Suena Oh What a World,
de Rufus Wainwright
Calvary (Idem, 2014)se abre con un plano de su omnipresente protagonista, el padre James, quien escucha en el confesionario de su iglesia como una parroquiano le revela que a los siete años probó el semen. El párroco le comenta que no está mal como principio, un comentario irónico que podría correspondernos a nosotros como espectadores y que de paso crea un distanciamiento necesario para observar la propuesta de su guionista y director, John Michael McDonagh. A continuación la confesión continua para acabar en una amenaza de muerte directa al padre James, ajeno a los acontecimientos truculentos y traumáticos narrados por el personaje anónimo, pero que se convierte en el chivo expiatorio adecuado porque el cura responsable de los abusos ya falleció y porque nada resulta más efectivo que sacrificar a un inocente según el afectado. El irónico comentario inicial se muda en estupefacción y posterior resignación, en un claro ejemplo del continuo vaivén que va a caracterizar el tono de una película como Calvary.

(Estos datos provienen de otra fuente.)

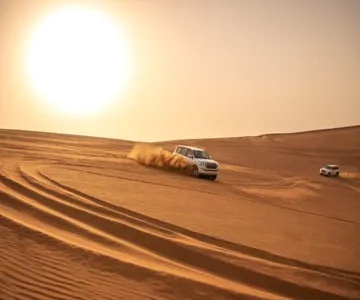 Dubai Overnight Desert Safari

Lo que inicialmente ocurriría si un drama existencialista, propio de los cineastas nórdicos o del maestro francés Robert Bresson, se cruzara con una comedia negra con imprudentes salidas de tono es que como espectadores padeceríamos tal descolocación que nos pasaríamos el resto de la película incomodados por algo que no respondería a nuestras reconfortantes expectativas. Y algo así le pasará al espectador que se acerque a esta curiosa Calvary e intente llevarla por el terreno de lo serio o, contrariamente, por el de la risa. Lo recomendable es dejarse atrapar en su travieso y desconcertante juego y disfrutar de su endiablada –adjetivo del todo pertinente en este caso- estructura dramática. Saborear su tonalidad bizarra, capaz de concentrar en una misma escena una ambivalencia que hace que lo cómico acabe por inquietarnos, por dejarnos, incluso, un regusto amargo, puede no ser del gusto de algunos, está claro.
John Michael McDonagh, ya nos había dejado buenas sensaciones con El irlandés (The guard, 2011) y había demostrado con esa heterodoxa buddy movie que lo suyo es un conceptual juego de contrastes sin que su discurso suene rimbombante. En Calvary es el responsable de construir una película de semejante naturaleza, y hacer que funcione por mucho que parezca que va a patinar. Pone a prueba nuestro sentido de la credibilidad, de la misma forma que su protagonista pone a prueba su fe, y sin embargo nos obliga a vulnerarlo debido a una peligrosa tendencia a lo caricaturesco; contrariamente al padre James que jamás impone su sermón.
Construida inicialmente a partir de los códigos del thriller, incluido un suspense que lejos de convertirse en una carrera a contrarreloj se convierte en un asumido encuentro con el destino, Calvary abandona continuamente territorio genérico con la convicción con la que su protagonista se acerca a l día de su sentencia, con la voluntad con la que trata de hermanar esa comunidad llena de personajes a la deriva, aspirantes a una redención que no llega, a conseguir un perdón que los salve del tedio, la mezquindad o el dolor. En el fondo, pues, casi nada. ¿Y risas? También hay, pero llenas de amargura. Y al final, tan solo un lamento, no por el desenlace, sino porque la sobriedad del estilo se ve empañada por un efectismo en parte de su desenlace que no corresponde a la entereza y la dignidad de su protagonista.